QIIME 2 and Probe Design

JMJ_Lapage · October 9, 2020, 7:50am

Hello all, I am new here and new to QIIME 2. My -omics knowledge is very rusty and out-of-date but I have been getting back on the horse with the excellently written tutorials.

My new project will involve taking 16S rRNA-Seq data and designing CLASI-FISH probes against the species found within the population, which will then be applied to confocal microscopy. Probes need to have high affinity for their target species and minimal affinity for non-target species.

The process of probe design would probably involve making a multiple alignment of all the 16S sequences, going through each target species/OTU iteratively to find regions of n bases that are dissimilar to the other species/OTU, and blasting these against database whole genome sequences to score their likelihood for off-target binding.

I have three questions at this stage:

Is there already a plugin that has this feature, or a way to replicate this functionality with a bit of a hack?
Is it silly to consider doing this within QIIME 2, and if so should I just be exporting to elsewhere
If there's no way to do it, but it seems like a worthwhile module to make, will this be a particularly difficult workflow for me (a fairly experienced programmer) to craft into a new module?

Nicholas_Bokulich · October 9, 2020, 8:56am

Welcome @JMJ_Lapage!

I think existing plugins have some of this functionality, but you would need to add a plugin/method to fill in the gaps. Here's what I think:

q2-alignment will support this, via mafft

this is the part that I do not think is available in existing plugins. Wrapping other existing software packages for probe design would be an opportunity here.

q2-feature-classifier has BLAST- and VSEARCH-based taxonomy classification methods that would probably work for this. On the other hand, qiime quality-control exclude-seqs is probably exactly what you are looking for, and it even has a primer alignment mode (close enough to a probe?).
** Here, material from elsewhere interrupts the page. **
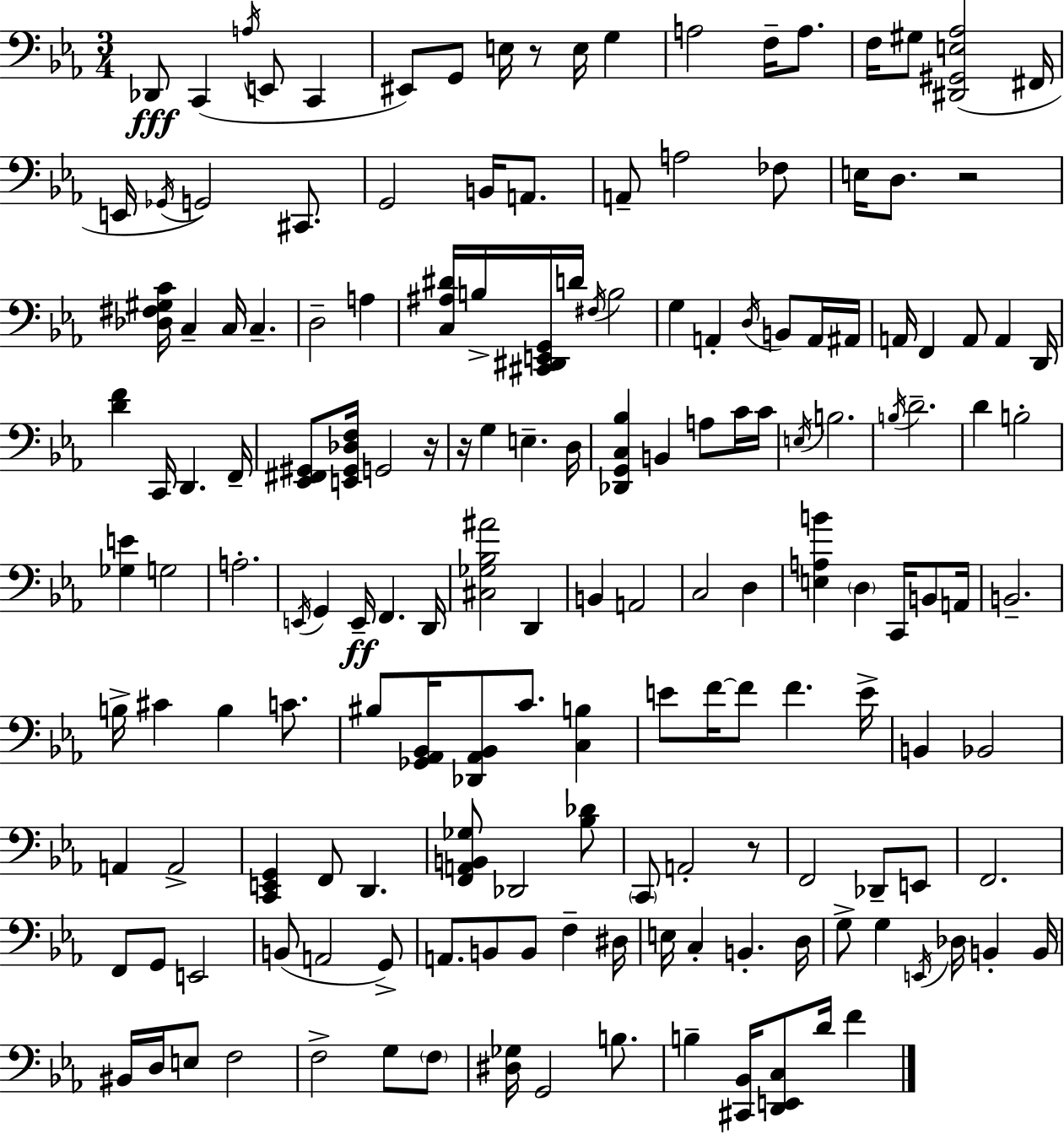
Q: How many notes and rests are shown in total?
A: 164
Basically, you'd give it a list of probes (as a FeatureData[Sequence] artifact, either a fasta file imported to QIIME 2 or the output from your novel primer finder method), and it would output those that hit the reference genomes and those that miss.

By the way (shameless plug alert), those non-target reference genomes (and/or reference 16S rRNA genes from your target species) could be assembled using RESCRIPt so that everything in your workflow is preserved in provenance.
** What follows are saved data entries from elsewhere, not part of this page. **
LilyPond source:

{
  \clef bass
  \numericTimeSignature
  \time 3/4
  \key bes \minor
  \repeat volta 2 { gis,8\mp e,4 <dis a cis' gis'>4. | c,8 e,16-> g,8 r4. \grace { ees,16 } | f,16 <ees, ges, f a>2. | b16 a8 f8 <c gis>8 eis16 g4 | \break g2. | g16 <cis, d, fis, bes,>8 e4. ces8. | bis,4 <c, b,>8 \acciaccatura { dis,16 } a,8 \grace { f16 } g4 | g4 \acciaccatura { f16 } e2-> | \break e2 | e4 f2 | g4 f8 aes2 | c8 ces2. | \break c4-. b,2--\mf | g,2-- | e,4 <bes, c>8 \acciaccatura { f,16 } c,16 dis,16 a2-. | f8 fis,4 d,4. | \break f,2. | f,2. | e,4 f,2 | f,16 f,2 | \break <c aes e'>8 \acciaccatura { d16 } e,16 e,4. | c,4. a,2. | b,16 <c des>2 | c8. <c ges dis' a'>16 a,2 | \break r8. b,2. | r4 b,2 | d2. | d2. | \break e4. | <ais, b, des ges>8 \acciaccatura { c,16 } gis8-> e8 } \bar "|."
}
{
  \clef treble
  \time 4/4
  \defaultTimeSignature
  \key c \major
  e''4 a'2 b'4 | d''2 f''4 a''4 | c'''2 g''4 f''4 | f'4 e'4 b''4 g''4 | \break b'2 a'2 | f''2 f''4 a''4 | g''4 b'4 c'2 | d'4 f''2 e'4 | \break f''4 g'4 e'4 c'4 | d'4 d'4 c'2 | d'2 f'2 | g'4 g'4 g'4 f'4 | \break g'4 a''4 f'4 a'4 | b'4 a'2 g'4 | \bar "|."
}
No I do not think it's silly... this would be a bit of a convoluted workflow and the advantage of doing it in QIIME 2 is that you can leverage existing functionality, as well as preserve all workflow steps in provenance.

On the other hand, other probe design methods exist in the outer world and so could probably be used without bothering to write a new one (though, as I said above, you could just wrap one in a plugin)

QIIME 2 is designed to be extensible, and we have written extensive documentation, etc, to make it easy for other programmers to write QIIME 2 plugins. Creating the plugin is the easy part, writing the methods inside should be the more difficult part so if you are confident in that part then creating a QIIME 2 plugin for it should be straightforward

You can see the developer documentation here: https://dev.qiime2.org/latest/

And you are more than welcome to ask development questions on this forum... we even have a "developer support" channel for it, so we can help you along the way

JMJ_Lapage · October 12, 2020, 9:50am

Hi @Nicholas_Bokulich, thank you for your comprehensive response. I think you are right; there might be some merit for me to develop a probe design plugin that wraps a pre-existing method. I'm fairly confident that I can handle that, particularly since there's a community to support it here. Even better if I design it in such a way that the method of probe design is modular as well, so that I can try a few different methods and leave the door open for people to add further approaches.

You are right that primer design is basically the same as probe design: it's all about getting specific matches. The very slight differences are that in CLASI-FISH, we don't really mind off-target matches within the same species we are probing for, so long as they are not present in other species (that's an edge case though), and obviously, I need to balance a whole matrix of potential conflicts rather than just a pairwise relationship.

Thanks again, I will look into what it will take to make a wrapper plugin, and read up on the methods you mentioned.